Clicking the link brought up a page of instructions, and a little notice from Firefox that told her it was downloading "sleepytimeff.mp3" to her hard drive. While it downloaded, she read the instructions (since that seemed to be an acceptable alternative to grabbing her monitor and shaking it while shouting, "Transfer the file faster, you useless hunk of crap! I want to
sleep
!")
"While the file is downloading," the site read, "get yourself a candle and find a safe place to put it where you can see it from your bed." Sandy stood up and looked around. A candle? She knew that some women liked to have candles all over the house for decoration, but she'd always preferred those little decorative fountains instead. (She tried putting one of those in her bedroom for a while, back when the insomnia had first kicked in. Figured it'd help her drift off to sleep. All it had done was make her need to pee.)
She headed downstairs, racking her brains in an effort to think of where she might have a candle. She found the decorative candlestick that Aunt Gladys had willed to her, the one she'd loved as a little girl, but there was no candle to put into it. Three blackout flashlights, a pack of matches, and a cigarette lighter from back before she quit smoking, but no candles anywhere. "Goddammit!" she cried out, startling the cat.
She went back upstairs and sat back down in front of the computer. Maybe there was another set of recordings somewhere, ones that didn't require a candle. Maybe she could start a new search for "insomnia + hypnosis", find someone else that could help, maybe she could...oh, fuck it. Sandy grabbed a shirt and pulled it on over her nightgown, following it with a pair of sweatpants. She probably looked like hell, but the people visiting a Wal-Mart at 2:30 AM always looked terrible, right? Not that Sandy really knew. She normally was sound asleep at this time of night. But "normal" had left the building a month ago.
She drove the ten miles to Wal-Mart with an almost paranoid caution; Sandy might not be able to sleep, but that didn't mean she felt particularly awake, either. The last thing she needed was a cop pulling her over in the middle of the night for reckless driving. In her current state, she'd probably wind up getting arrested for assaulting an officer. Then again, at this point Sandy felt like she was willing to take a nightstick to the back of the skull if it meant getting to sleep.
After pulling into the parking lot, she wandered up and down the aisles like a zombie for several long minutes, trying to figure out where exactly they kept candles. 'Home Furnishings'? 'Hardware'? 'Cheap Decorative Shit For People Who Have Too Much Free Time On Their Hands, Because They Don't Work A High-Pay, High-Stress Job That's Also Kept Them From Having Any Kind Of Social Life For The Last Three Years'? (Okay, that was the insomnia talking again.

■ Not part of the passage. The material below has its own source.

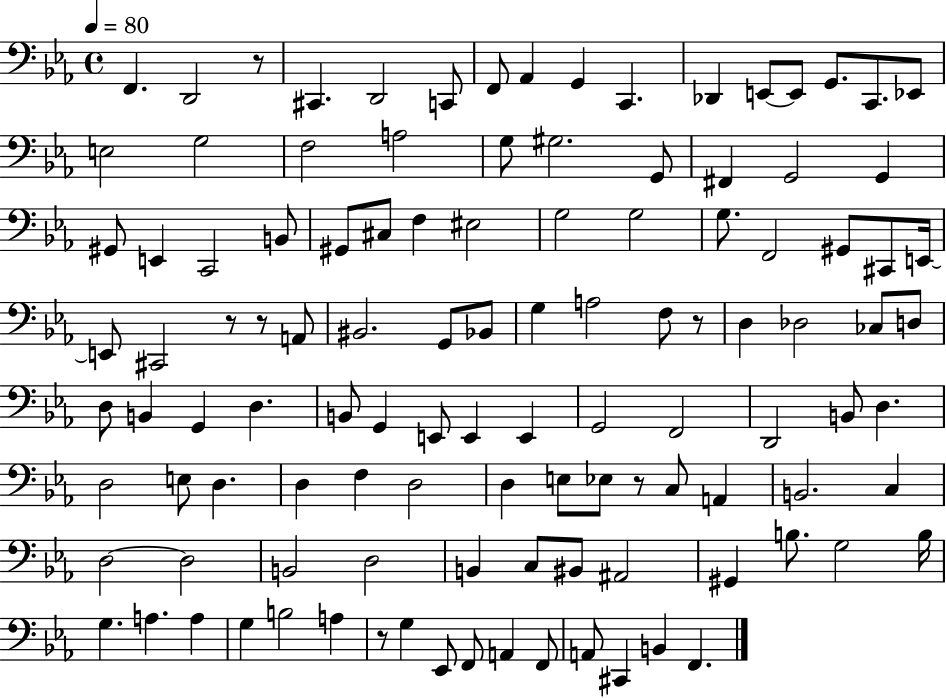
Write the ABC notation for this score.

Sandy loved her job. Stressful? Yes. Busy? Yes. But she'd been a partner at the firm for over a year now, and if that was enough to cause insomnia, surely she'd have gotten it before now?)
Candles! "Oh, thank you sweet and merciful God," Sandy whispered, not even caring if anyone heard her. Because candles meant that she could listen to this recording, and listening to this recording meant that she could get hypnotized, and getting hypnotized meant sweet, blissful, restful sleep! She practically sprinted to the checkout aisle with them.

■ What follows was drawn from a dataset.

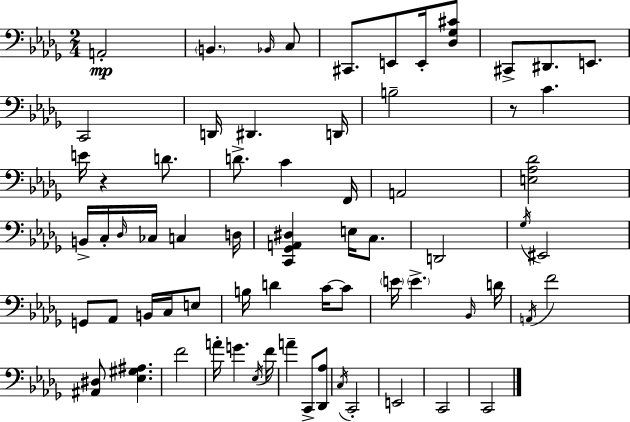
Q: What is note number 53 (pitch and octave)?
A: F4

The woman working the checkout aisle looked pretty much exactly like Sandy had always pictured late night Wal-Mart employees--doughy, sullen, and with an expression of vague contempt on her face. Sandy handed over the candles without a word, and the cashier scanned them in silence. "Twelve twenty-five," she said after a brief pause, her voice making it clear that the words were a necessity of her job, not an attempt at social interaction.